Archaeologists have discovered 15 new sites in Laos containing more than one hundred 1000-year-old massive stone jars, possibly used for the dead.
The jars of Laos are one of archaeology’s enduring mysteries. Experts believe they were related to disposal of the dead, but nothing is known about the jars’ original purpose and the people who brought them there.
Archaeologist Dougald O’Reilly from Australian National University (ANU) says that strangely, there are no signs of occupation in the surrounding area. This leads researchers to believe that the stone jars were transported over a distance, despite weighing a few tonne each.
“It’s apparent the jars, some weighing several tonnes, were carved in quarries, and somehow transported, often several kilometres to their present locations.”
“But why these sites were chosen as the final resting place for the jars is still a mystery. On top of that we’ve got no evidence of occupation in this region,” says O’Reilly.
Ancient burial practices more widespread than previously thought
The new find shows the distribution of the jars is more widespread than previously thought. It could also unlock the secrets surrounding their origin.
Nicholas Skopal from ANU, along with officials from Lao government, were the ones who identified the sites containing 137 jars, deep in remote, mountainous forest.

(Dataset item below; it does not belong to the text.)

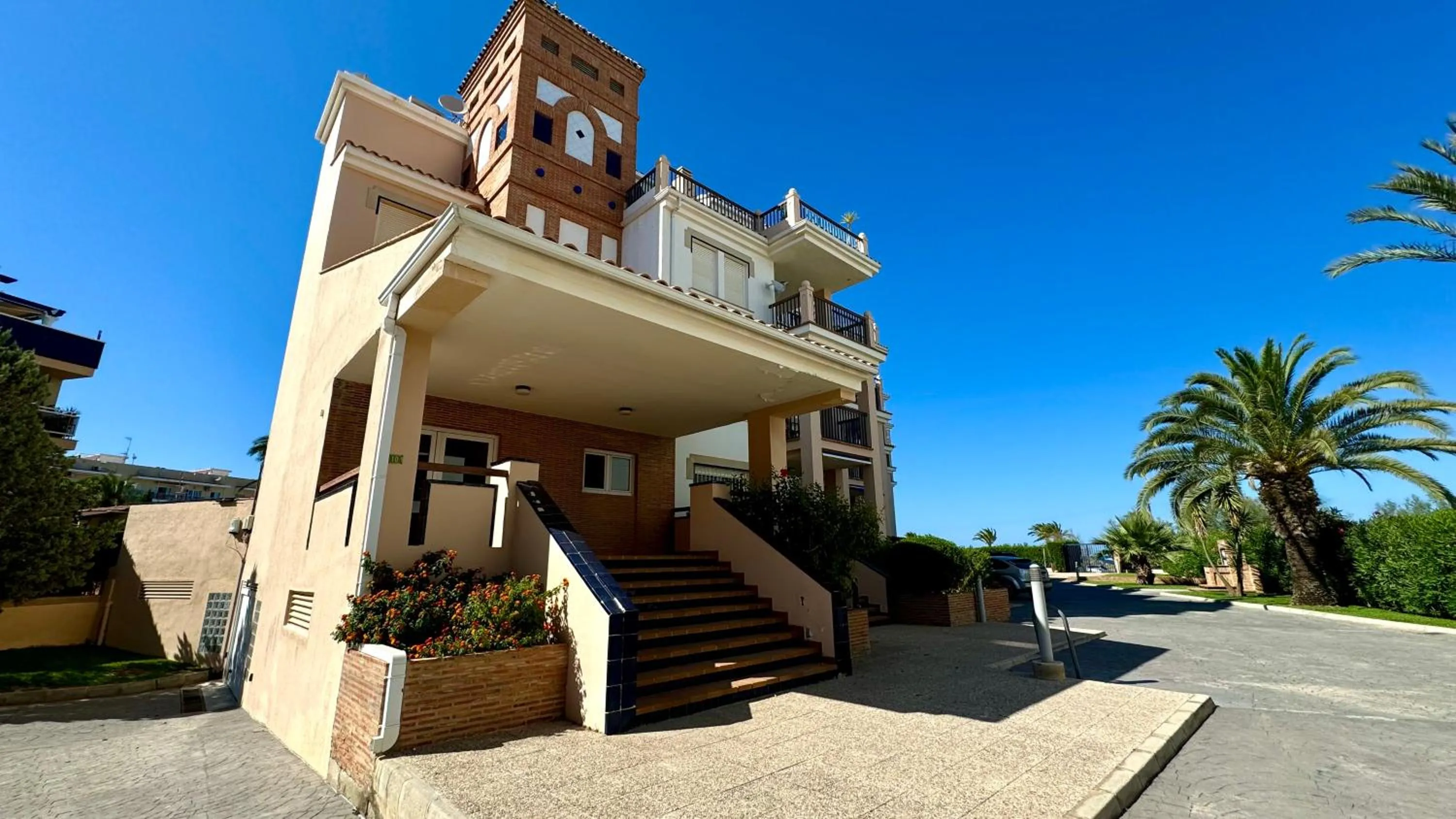 Property building in Apartamentos Carlton VyB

“These new sites have really only been visited by the occasional tiger hunter. Now we’ve rediscovered them, we’re hoping to build a clear picture about this culture and how it disposed of its dead,” says Skopal.
O’Reilly says the new sites show the ancient burial practices involving the jars was “more widespread than previously thought”.
Burial markers found, face down
This year’s excavations revealed carved discs which are most likely burial markers placed around the jars. Curiously, the decorated side of each disc were buried face down.
“Decorative carving is relatively rare at the jar sites and we don’t know why some discs have animal imagery and others have geometric designs.”
Typical iron-age artefacts were found with the burials – decorative ceramics, glass beads, iron tools, discs worn in the ears and spindle whorls for cloth making. However, it was one particular find piqued the researchers’ interest.
“Curiously we also found many miniature jars, which look just like the giant jars themselves but made of clay, so we’d love to know why these people represented the same jars in which they placed their dead, in miniature to be buried with their dead,” say O’Reilly.